EDIT: Important addition: the size of the tables is tiny (~200 entries for tracking_events, ~20 for customers), so reading them in their whole into memory shouldn't take any significant time. And it's a local Cassandra installation, no cluster, no networking is involved.
"SELECT email, target_entity_id, target_entity_type " +
"FROM tracking_events " +
"LEFT JOIN customers " +
"WHERE entity_type = 'User' AND entity_id = customer_id")
This query will read all of the data from both the tracking_events and customers table. I would compare the performance to just doing a SELECT COUNT(*) on both tables. If it is significantly different then there may be an issue but my guess is this is just the amount of time it takes to read both tables entirely into memory.

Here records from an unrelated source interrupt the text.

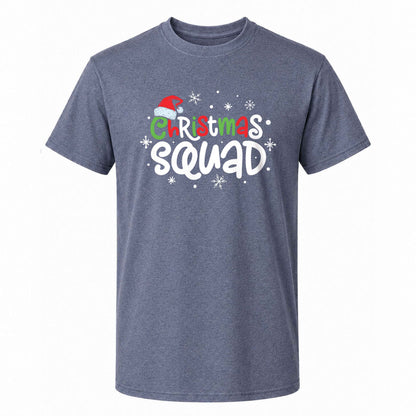 Christmas Squad Matching Family Shirts, Funny Christmas Graphic Tees, Holiday Gift for Family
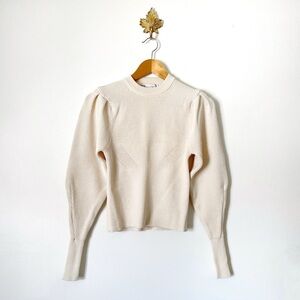 Zara Ribbed Puff Sleeve sweater NWT size Small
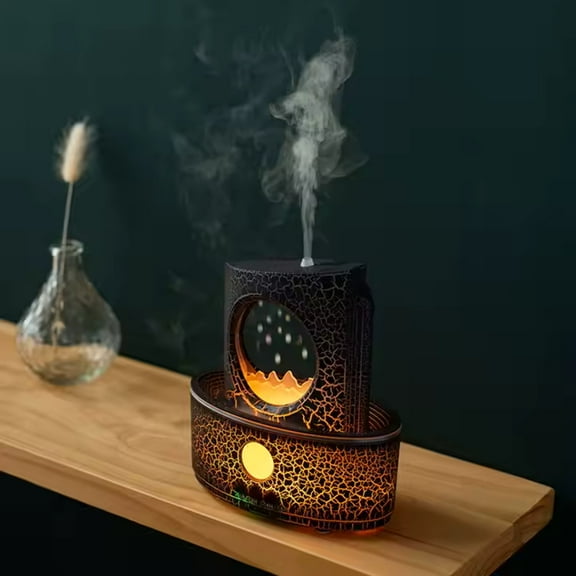 RainMist Waterfall Fragrance  Essential Oil Diffuser – LED Mood Light Ultrasonic Aromatherapy Scent Diffuser for Home, Hotel or Office.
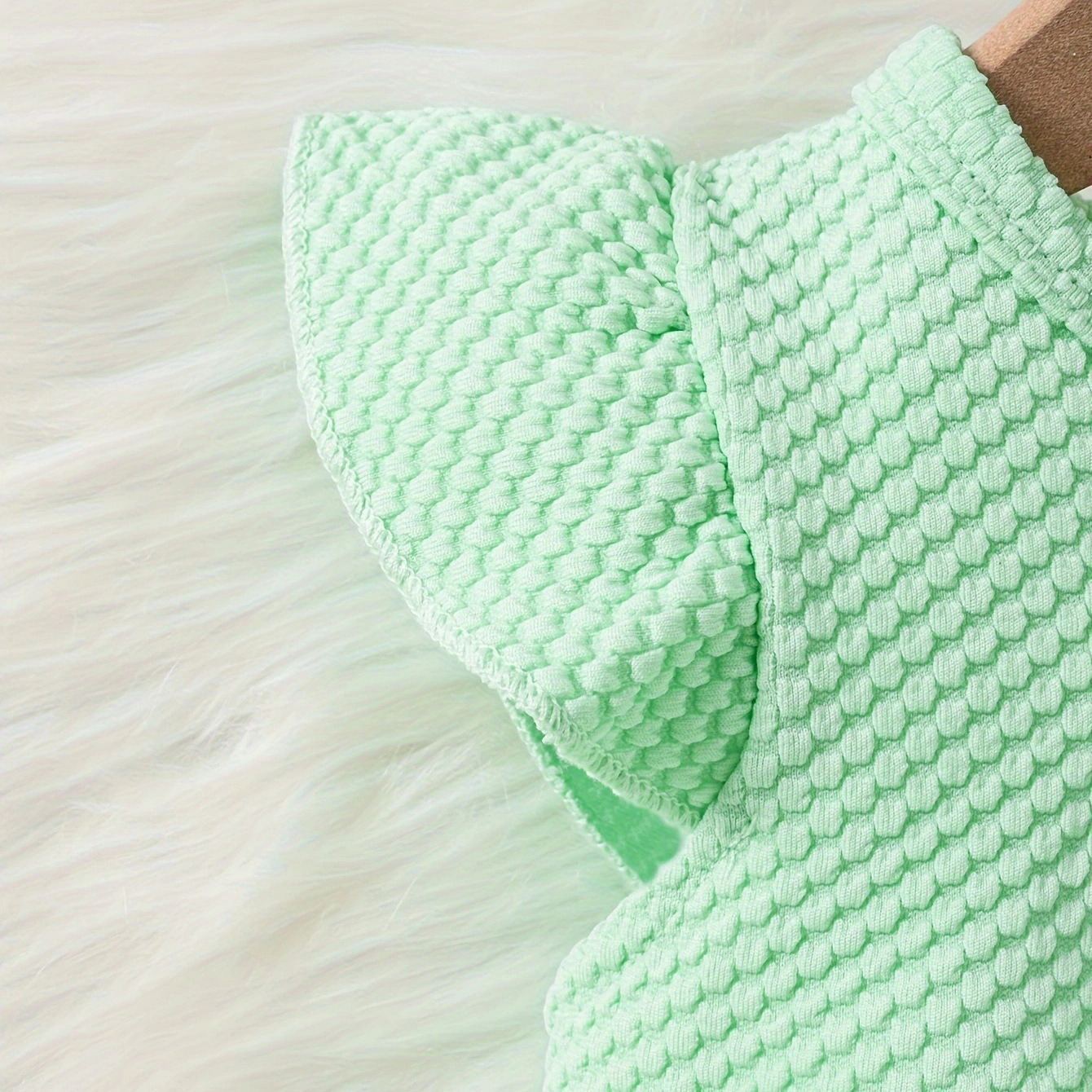 [Copy]2pcs Toddler Girls Puff-Sleeve Floral Blouse Set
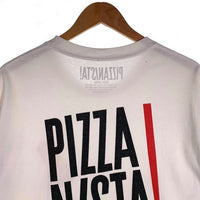 PIZZANISTA! ピザ二スタ 半袖 Tシャツ ホワイト Size L 福生店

There are a few knobs for tuning how reads are done and since the defaults are oriented towards a much a bigger dataset you may want to change these.
spark.cassandra.input.split.size_in_mb approx amount of data to be fetched into a Spark partition 64 MB
spark.cassandra.input.fetch.size_in_rows number of CQL rows fetched per driver request 1000
I would make sure you are generating as many tasks as you have cores (at the minimum) so you can take advantage of all of your resources. To do this shrink the input.split.size
The fetch size controls how many rows are paged at a time by an executor core so increasing this can increase speed in some use cases.